The world has moved on since New Zealand pulled out of their tour of Pakistan, and England dithered over touring India. Afghanistan is now as peaceful as it has been for the last 20 years and to pull out of a tour of Pakistan because of the Afghan war is bordering on farce. West Indies' real concern, you might argue, should be the escalation in tension over Kashmir. This is genuine if war does break out — but even then the West Indians are unlikely to be targeted. But there is no war at present and the political rhetoric is softening as expected. All in all, Wes Hall's statement that West Indies would not tour Pakistan was hasty and ill-considered.
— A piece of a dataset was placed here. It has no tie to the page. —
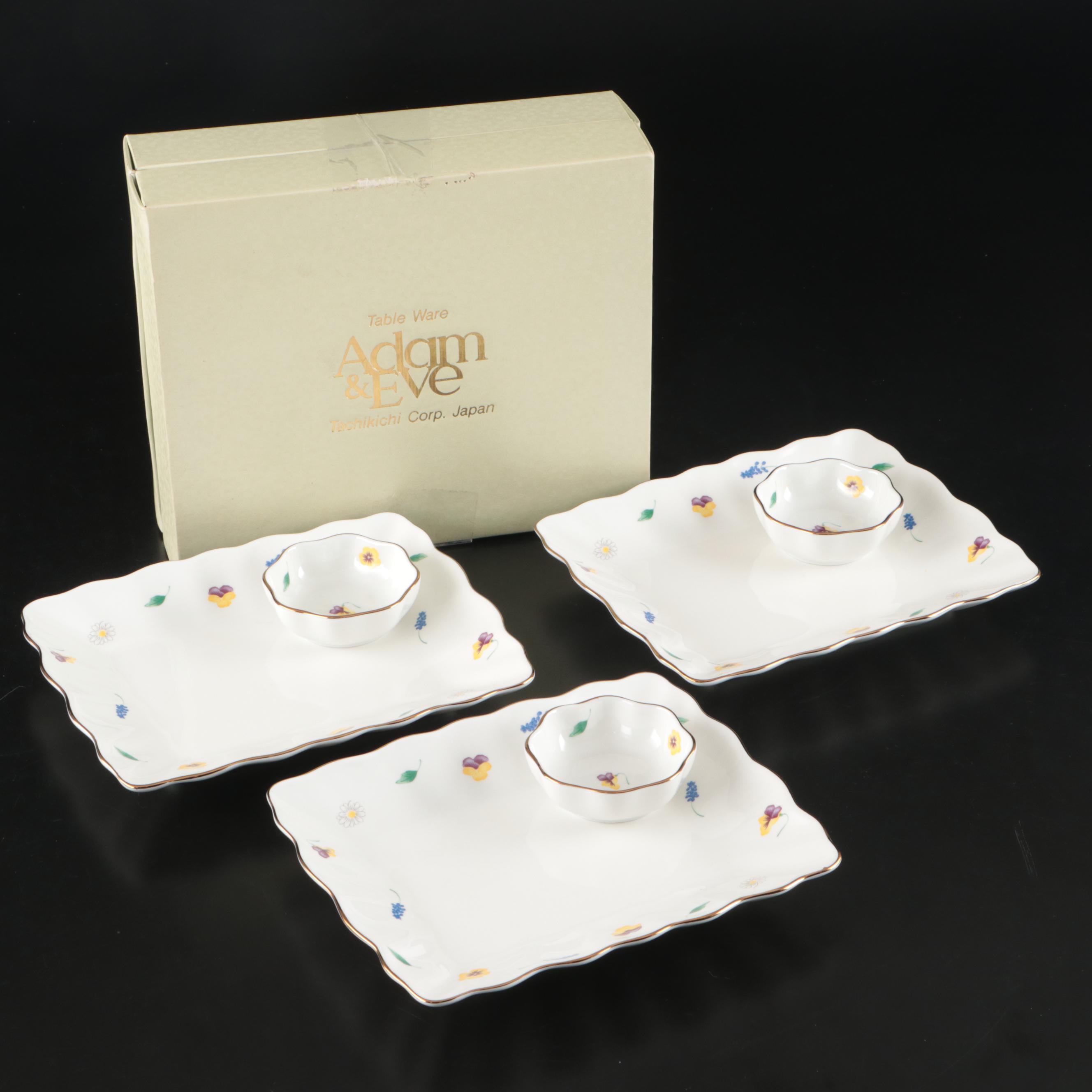 Japanese Porcelain Plates and Bowls with Other Ceramic and Stainless Tableware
In contrast, England have confirmed that they will return to India despite the threats of war. This suggests that the West Indies' concerns are out of touch with reality. Indeed West Indies should take a leaf out of England's book: agree to tour but give players the option of staying at home if they are not prepared to take the risk. It is hard to imagine that the West Indies in their pomp would have shied away from this tour. Instead their hesitancy is another mark of a once-great cricket nation in pitiful decline.

Kamran Abbasi, born in Lahore, brought up in Rotherham, is assistant editor of the BMJ. His Asian View appears on Fridays on Wisden.com.